*The problem*
Find every line in the records below that contains "video", and copy it.

*The data*
::::

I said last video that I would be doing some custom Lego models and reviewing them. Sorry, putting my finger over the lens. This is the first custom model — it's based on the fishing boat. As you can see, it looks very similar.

::::

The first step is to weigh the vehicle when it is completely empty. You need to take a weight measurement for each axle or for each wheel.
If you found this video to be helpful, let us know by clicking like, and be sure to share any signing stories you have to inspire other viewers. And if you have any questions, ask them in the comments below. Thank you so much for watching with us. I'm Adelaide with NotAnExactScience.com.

::::

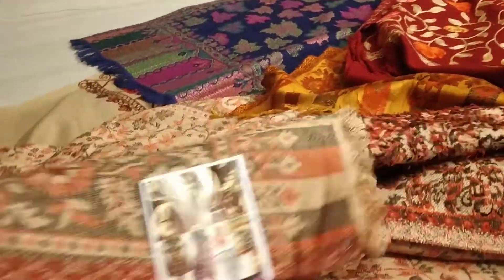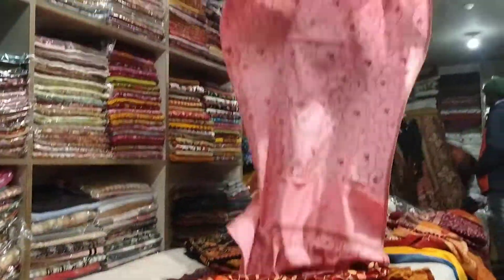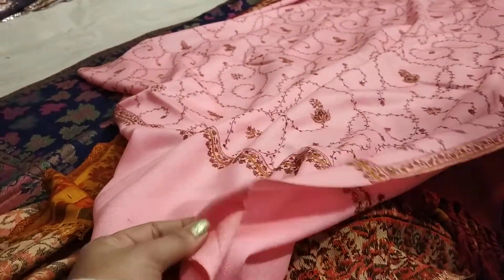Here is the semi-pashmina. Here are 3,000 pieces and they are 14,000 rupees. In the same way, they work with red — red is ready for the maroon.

::::

*Finished exercise*
I said last video that I would be doing some custom Lego models and reviewing them. Sorry, putting my finger over the lens. This is the first custom model — it's based on the fishing boat. As you can see, it looks very similar.
If you found this video to be helpful, let us know by clicking like, and be sure to share any signing stories you have to inspire other viewers. And if you have any questions, ask them in the comments below. Thank you so much for watching with us. I'm Adelaide with NotAnExactScience.com.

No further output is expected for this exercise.